President Donald Trump on Friday ordered the Pentagon to immediately set about the work of figuring out how much money the Defense Department would need to overcome what military leaders have said are serious readiness problems brought on by years of political deadlock over the federal budget.
In a memo he signed at the Pentagon during a symbolic swearing-in ceremony for Defense Secretary James Mattis, Trump told the new secretary to launch a 30-day examination of a broad set of measures of military readiness, from maintenance to munitions and infrastructure to manning and training.

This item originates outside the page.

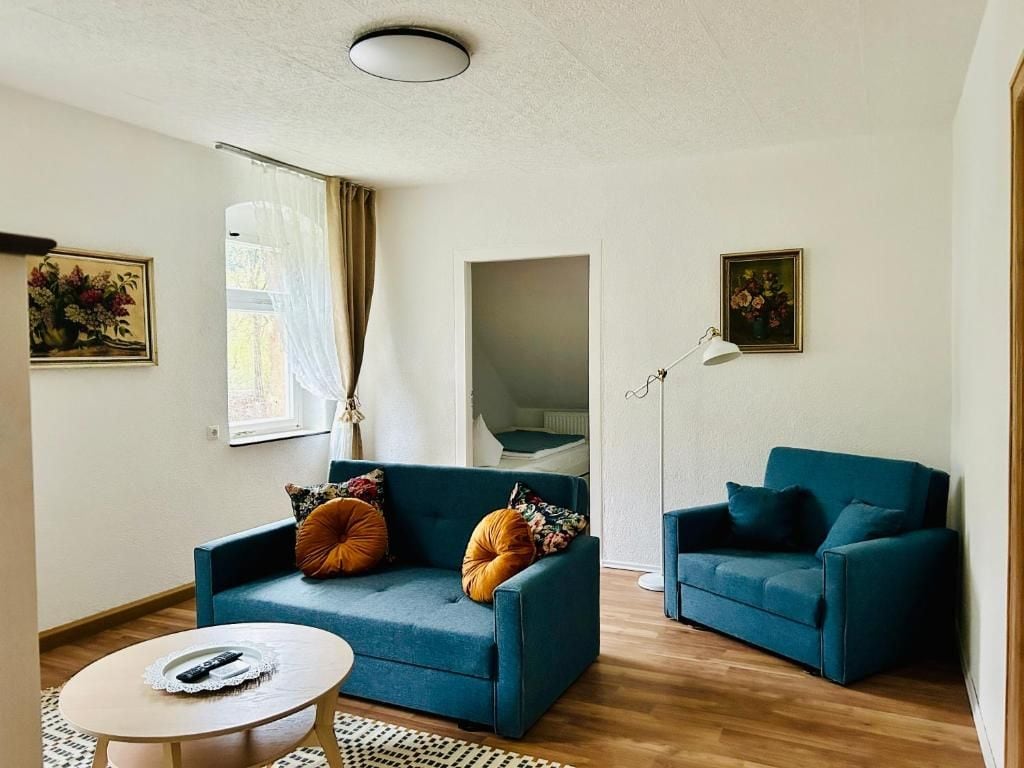 Un salon avec deux canapés bleus, une petite table ronde et un lampadaire.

Also over the next month, DoD will work with the Office of Management and Budget to draw up an emergency supplemental 2017 budget request. The funds would be used to pay for any immediate readiness gaps the Pentagon review identifies, and the order also tells OMB and DoD to use to results of the readiness review as a basis for Defense budgets in 2018 and beyond.
In addition to the near-term cash infusion for readiness, the order set a broad agenda of “rebuilding” the U.S. military through a new National Defense Strategy Trump ordered DoD to produce in preparation for its 2018 budget submission, including a new review of the country’s nuclear weapons posture and its capability to defend itself from missile attacks.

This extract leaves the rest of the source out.